Behind The Buffalo Billion: Does the Cuomo model open the door for corruption?
New York state, under Gov. Andrew Cuomo, has broken with past practice in trying to revitalize the upstate economy. A key part of that strategy involves shifting power for making deals and managing projects from state agencies to private nonprofits. Some of those deals are now part of an expanding federal investigation.
Cuomo’s model is patterned after a program used to develop a nanotechnology sector in Albany. President Barack Obama praised the approach during a visit in 2012, saying that he wants the progress Albany has made to “happen all across the country.”
It hasn’t come cheap. North of $2 billion in public funds have been invested, but the nano sector boasts some 50 companies and more than 15,000 jobs in the Capital region and across the state.
The model involves state government building, equipping and owning high-tech manufacturing plants. Major companies are recruited, along with smaller firms, much like tenants to a shopping mall. They collaborate with each other, and academics, in what Alain Kaloyeros, architect of the approach, calls “innovation hubs.”
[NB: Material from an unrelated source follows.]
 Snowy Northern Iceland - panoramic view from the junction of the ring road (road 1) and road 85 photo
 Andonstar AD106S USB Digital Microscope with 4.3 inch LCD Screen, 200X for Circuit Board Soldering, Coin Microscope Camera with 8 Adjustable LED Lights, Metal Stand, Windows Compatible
“You locate the smartest people from a university and build a state-of-the-art infrastructure and bring in the top corporations in a specific field, in our case, nanotechnology,” said Kaloyeros.
Cuomo has charged Kaloyeros with exporting a variation of that model across upstate, from Buffalo and Dunkirk to Rochester, Syracuse and Utica. Those projects are set to cost at least $2.25 billion in state funds and to create nearly 8,000 jobs. The goal is to infuse high-tech industries into local economies to compensate for the loss of traditional manufacturing.
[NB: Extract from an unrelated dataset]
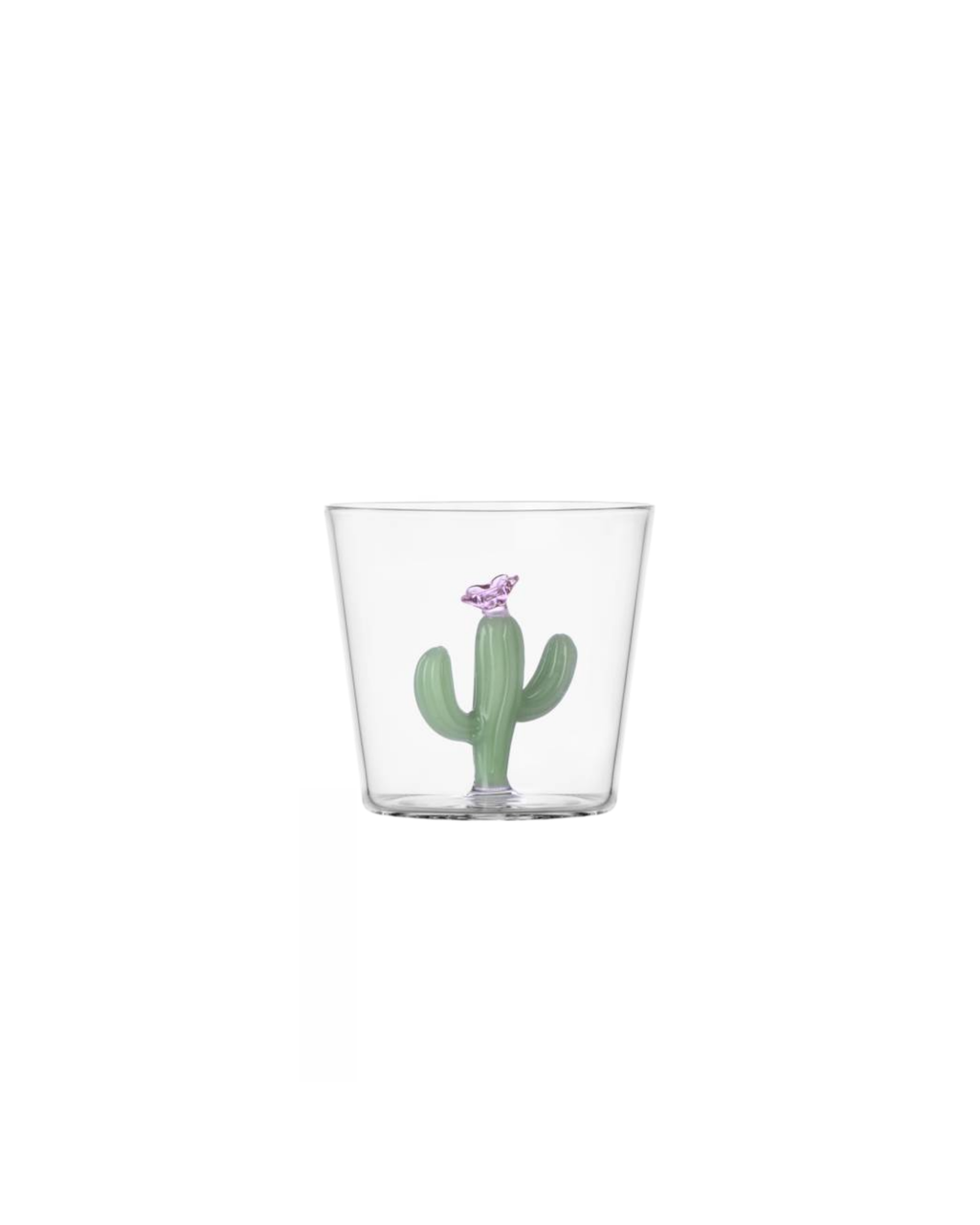 Handgefertigtes Borosilikat Glas Kaktus Grün-Rosa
Cuomo said the state’s $750 million investment in a solar panel manufacturing factory in South Buffalo, at the site of a former steel plant, would usher in an economic renaissance for the region.
“Riverbend was what made us great in the first place, and this facility is about what’s going to make us great in the future,” said Cuomo.
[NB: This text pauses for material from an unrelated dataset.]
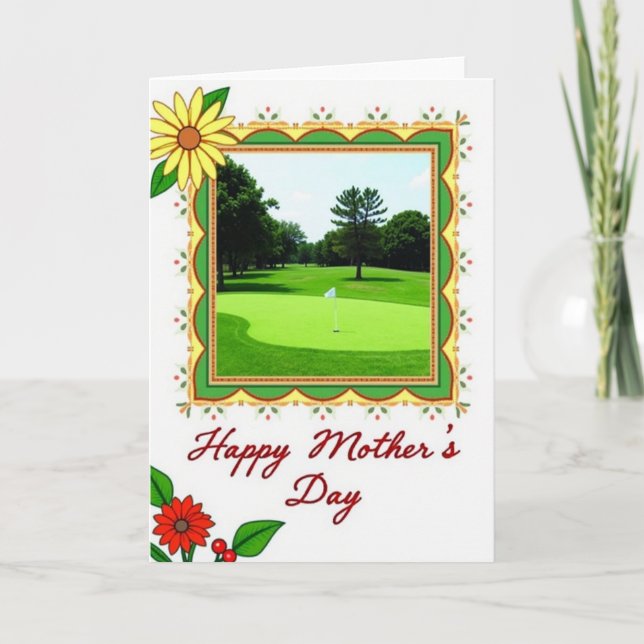 Tarjeta del Día de la Madre del Campo de Golf (Anverso)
Developing industrial clusters is sound practice, said Greg LeRoy, executive director of Good Jobs First, a national research organization that tracks economic development programs. But he says Cuomo’s approach varies from the norm in a couple of important ways.
Rather than investing in bricks and mortar, LeRoy said states usually direct their dollars elsewhere, such as developing talent and providing working capital to fledgling companies. LeRoy has other reservations, too.
“You can’t create a cluster out of thin air. Cluster strategies are what you do after you figure out what you’re already good at,” LeRoy said.
But in Buffalo, for example, the state is trying to seed a solar industry where none exists. In Syracuse, the state has built a high-tech film production hub.
Another part of Cuomo’s model for upstate places the power to develop projects to nonprofit development corporations affiliated with the state university system. These nonprofits are not subject to the same checks and balances as other state economic development agencies and have argued that they’re also exempt from transparency measures like the Freedom of Information Law. All this, despite the fact they are spending billions of tax dollars.
“The lack of transparency and the lack of accountability and the very large amount of discretionary money the governor has is textbook risk for corruption,” said John Kaehny, executive director of Reinvent Albany, a good-government group.
Kaehny says it is little wonder that U.S. Attorney Preet Bharara is investigating a number of state economic development deals handled by these nonprofits.
“There’s been questions whether this has been a clean process and whether it’s been a sensible process,” said Kaehny.
LeRoy says other states that have experimented with privatizing economic development programs have run into problems.
“We see excessive compensation, resistance to basic accountability, exaggerated job creation claims, high cost per job, poor vetting of deals, sloppy packaging of deals,” said LeRoy.
New York’s new way of doing business is essentially being vetted by federal investigators. The outcome of that probe may do more to determine the model’s long-term prospects than the projects themselves.